Amid South Africa’s political and economic uncertainty, many businesses and institutions are looking closely at how they can extract as much value from their infrastructure and resources as possible. That includes physical security, which encompasses everything from protecting infrastructure and resources, enforcing health and safety measures, to deterring inappropriate and criminal behaviour. Even though property-related crimes on residential and non-residential premises have recently decreased, organisations still need to adequately invest in solutions.
But how big should that investment be? Physical security is no longer just about protecting people and assets, not when cutting-edge network and the Internet of Things (IoT) solutions open the door to expanded use cases across all business and life activities. A security camera can both protect a building and provide insights such as the amount of foot traffic.
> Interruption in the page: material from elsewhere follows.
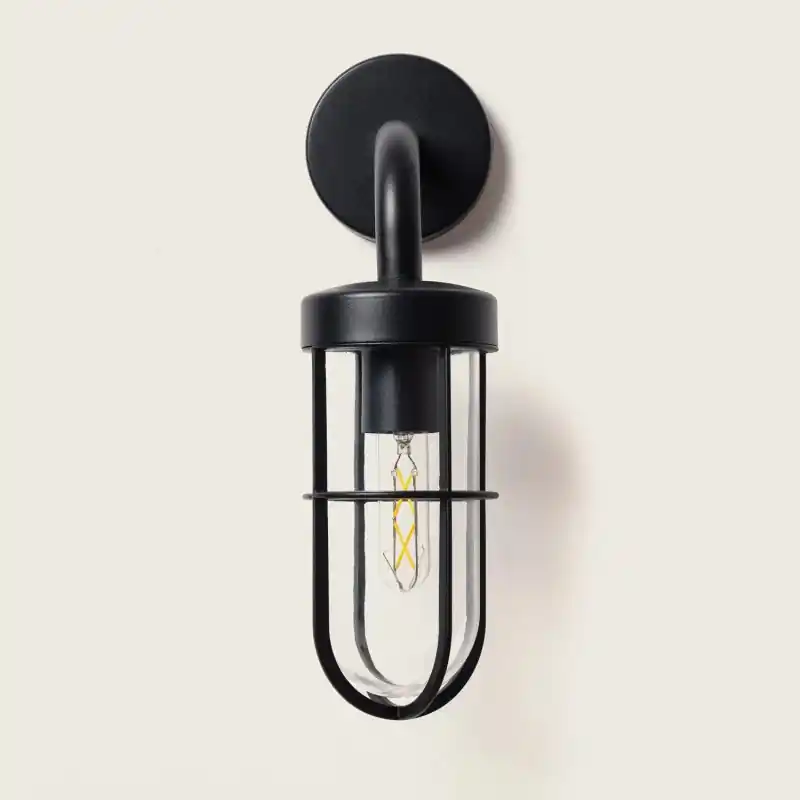 Applique murale noire culot e27 ip44 220v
Organisations do not need to spend more money than they necessary, not when they are aware of the total, actual cost of their security investments.
Running the numbers
Several market drivers, including the availability of new technologies, pricing changes, new threats and updated risk assessments, and changes in operational footprint drive companies’ budget allocations for physical security. All this reflects not just the need for adaptability in an organisation’s budget, but also a need to maximise the return on initial investments.
Total cost of ownership (TCO) puts the actual cost of a single security product into full perspective. For any product or solution, TCO encompasses everything, including the initial purchase and installation, the product’s energy consumption, network resources and management, ongoing and spot maintenance, and the salaries of the people employed to look after it.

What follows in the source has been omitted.